Marin Voice article authored by Todd Lando, who is a battalion chief and wildfire hazard mitigation specialist with Central Marin Fire Department and president of Fire Safe Marin.

Ask people in Marin what scares them most about wildfire, and a striking number do not say the flames. They say the traffic. They picture themselves trapped in a line of cars, fire closing in. It is the first question in almost every wildfire discussion here, and the fear behind it is driving some of the most dangerous decisions a resident can make.

At community meetings people often say they will not evacuate at all, because they would rather take their chances at home, or leave on foot or by bicycle, than sit in gridlock. They will drive up a fire road, into the hills, where fires burn faster and hotter. These ill-advised plans are far more likely to get a person killed than the traffic they fear.

The record shows the opposite of what they fear. In modern Western wildfires, the people who die are overwhelmingly those who stayed too long or never left, and they die in or around their homes. The people who got onto a paved road survived, even when they sat in traffic for hours.

The 2018 Camp Fire, which killed 85 people in and around Paradise, is the clearest case. The large majority died at or near their homes. Eight died in vehicles, and fatality records show that not one died because of traffic congestion. Paradise produced the worst wildfire evacuation gridlock ever documented in this country.

Thousands sat in it while the town burned, and they lived. Those whose escape was cut off survived in parking lots and cleared ground that firefighters turned into refuge. The worst-case traffic scenario everyone fears actually happened, and the road was still the safest place to be.

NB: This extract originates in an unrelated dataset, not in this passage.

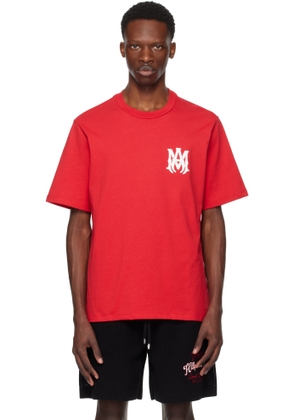 AMIRI Red MA Core Logo T-shirt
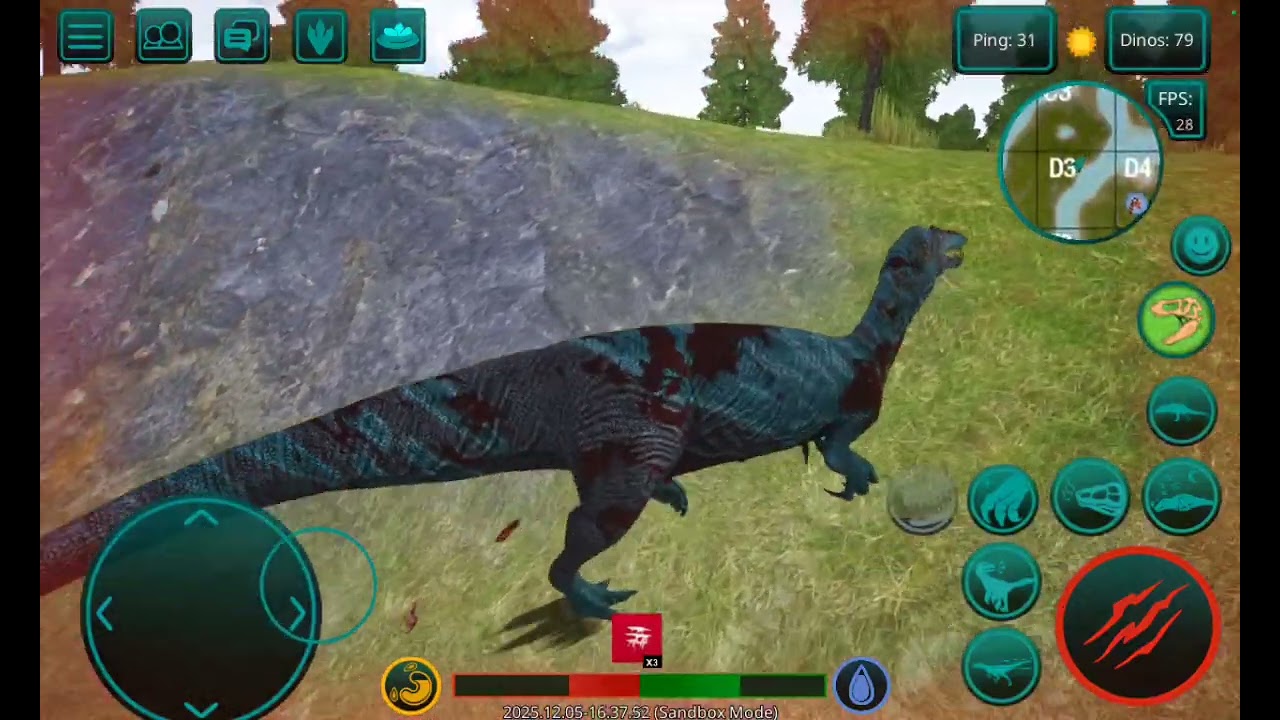 suchomimus gameplay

People do sometimes die in or near their cars, and those cases almost always prove the same point. In the 1991 Oakland Hills fire, some died on a narrow road blocked by an accident on an inside turn where years of eucalyptus debris had built up on the slope below. Concentrated flames overtook the road above a drainage. Evacuating on foot or by bicycle would not have saved them. They would have died sooner. That is exactly the hazard the Marin Wildfire Prevention Authority’s roadside vegetation work targets. The research identified the areas where work will improve safety. The deaths were not caused by traffic. They were failures of timing, warning and terrible luck at a chokepoint. It makes the argument to leave early, by car, while the road is still open.

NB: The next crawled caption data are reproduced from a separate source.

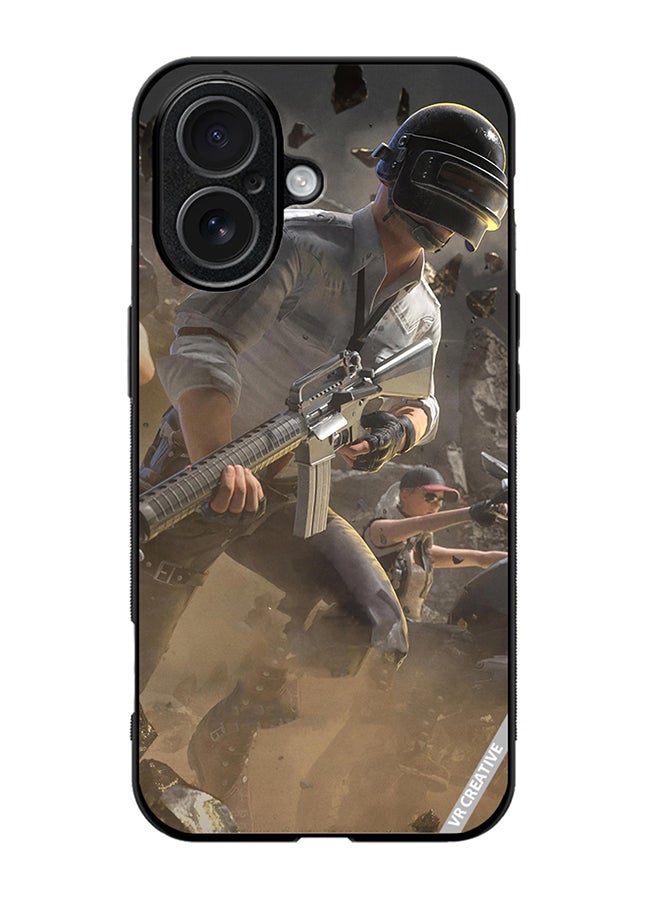 VR CREATIVE Protective Case Cover For Apple iPhone 17 Pubg Design Multicolour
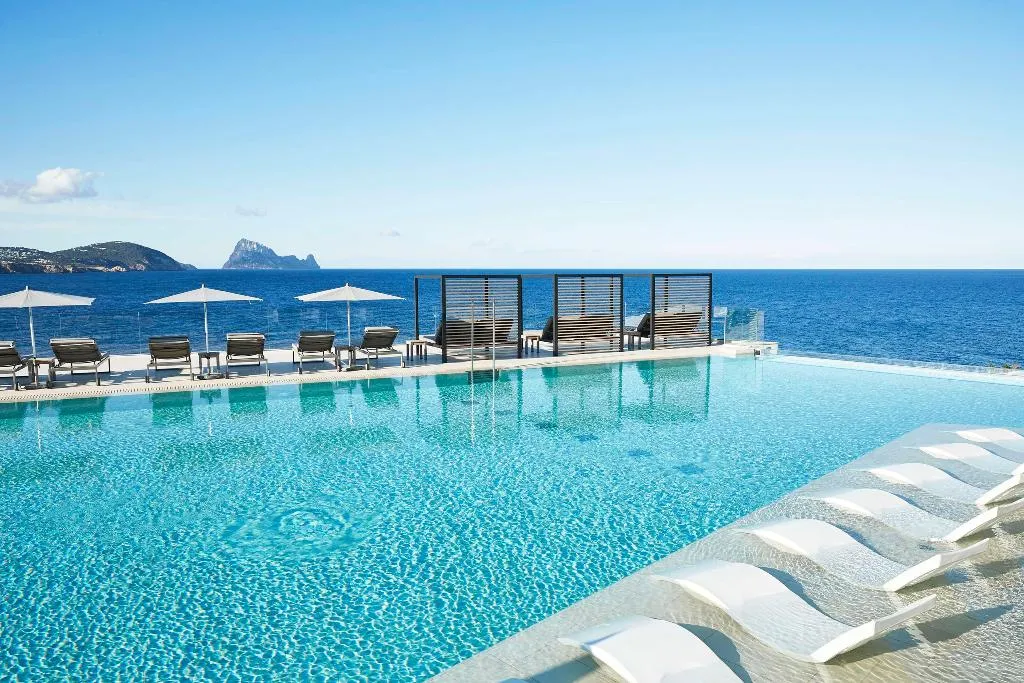 Pool, Club Calimera Delfin Playa, Ibiza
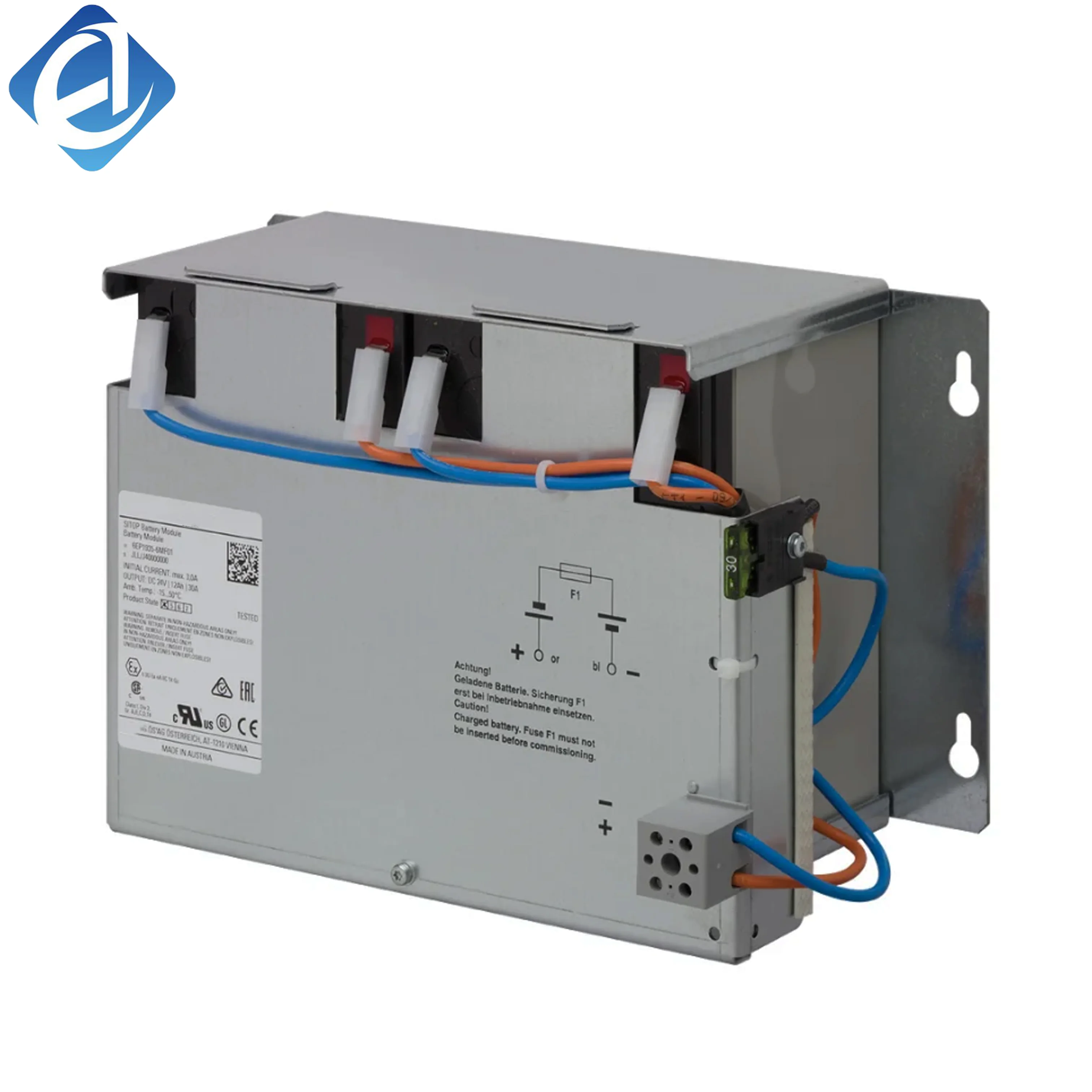 New Original 6EP1935-6MF01 SITOP UPS power module. Provides uninterrupted backup power supply, protects PLC and automation devices from power failure loss, stable voltage output, overload protection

A report published this month in the Proceedings of the National Academy of Sciences found that communities with six or fewer exit roads carry a disproportionate share of wildfire deaths. The finding is worth taking seriously, and Marin has many such neighborhoods. But the study never looked at where people actually died. It counted roads leading out of each town and matched that against the death toll, without asking whether those people died in their homes, on foot, or in their cars, or whether they ever tried to leave. Had the authors looked, we believe they would have found what we found: The deaths cluster in homes, not on the road. The road was the way out, not the trap.

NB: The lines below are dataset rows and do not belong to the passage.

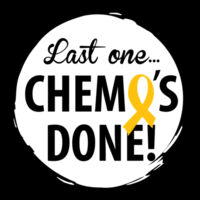 Last one... chemo's done - AS Colour - Mini Me Onesie Design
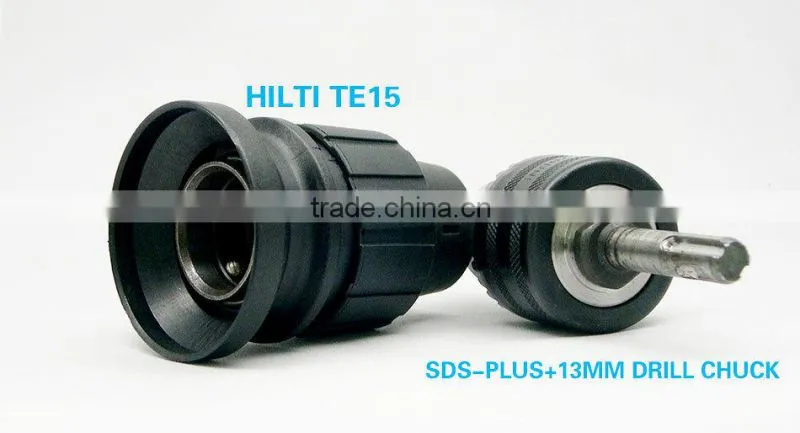 electric drill hammer hilti te14/15 spare parts chuck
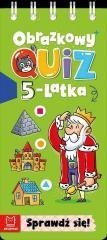 Obrazkowy quiz 5-latka. Sprawdź się!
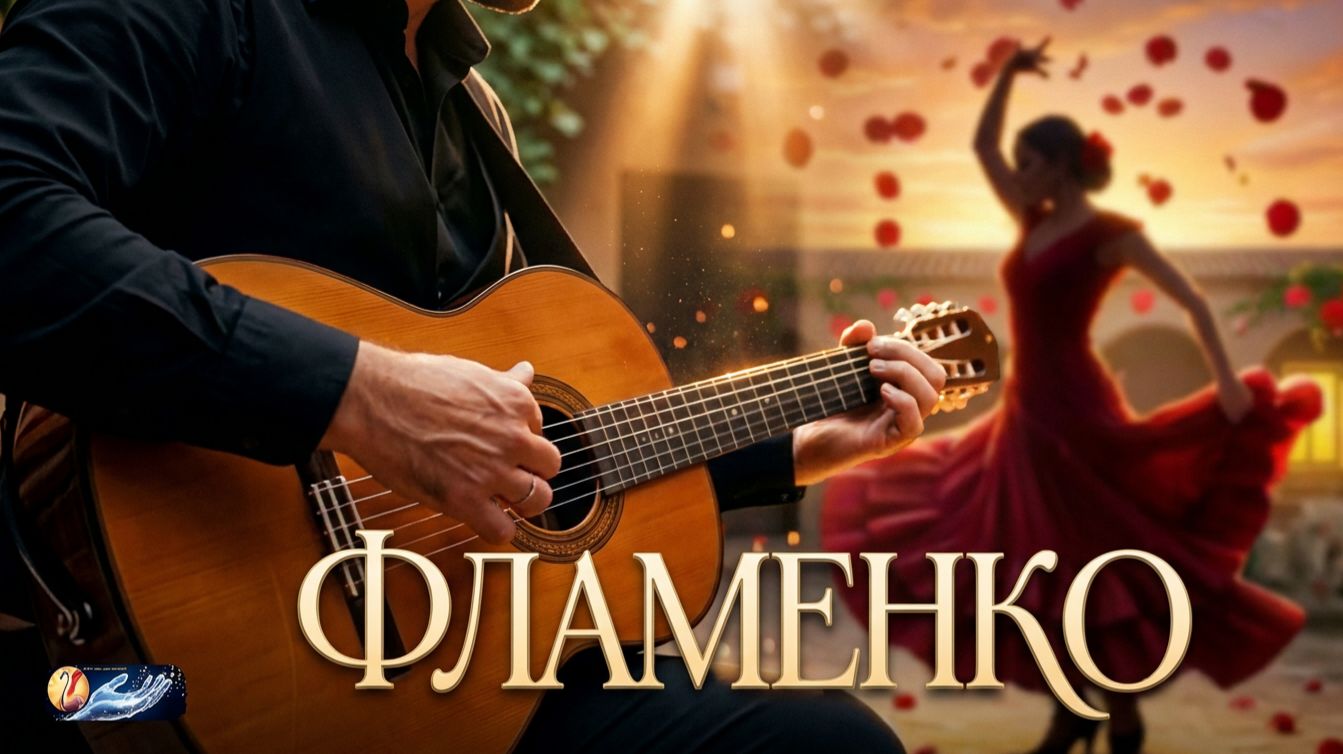 Инструментальная музыка от ИИ_Фламенко_часть 1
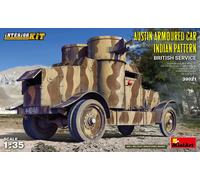 MINIART MIN39021 AUSTIN ARMOUR CAR INDIAN PATTERN BRITISH SERVICE INTERIOR KIT 1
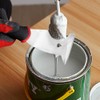 Dekton 2.5"Professional Scraper-Heavy Duty Stainless Sturdy Steel Blade| Ergonomic Rubber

The metric can mislead. Sleepy Hollow has a single way out, but it is a wide paved road on the valley floor, the kind that has carried evacuees to safety before. The study’s “exit count” scores it like Paradise. It is nothing like Paradise. Communities with few exits also tend to have older residents and thinner warning, so few roads and high death tolls are often products of the same conditions, not proof that one causes the other.

The work is twofold. Fix the roads where they genuinely constrain escape, with wider shoulders, parking limits on dangerous days, roadside fuel reduction and earlier evacuation triggers in limited-egress areas. Just as urgently, fix the fear. The residents most at risk are often the ones who have already decided the car is the trap, when it is the safest shelter they have.

Know your evacuation zone. Sign up for Alert Marin. And when a warning comes, especially if you live on a road with one way out, go. Do not wait for the order. Do not wait to see flames. The people who leave early make it out. The people who wait are the ones we find in the ashes.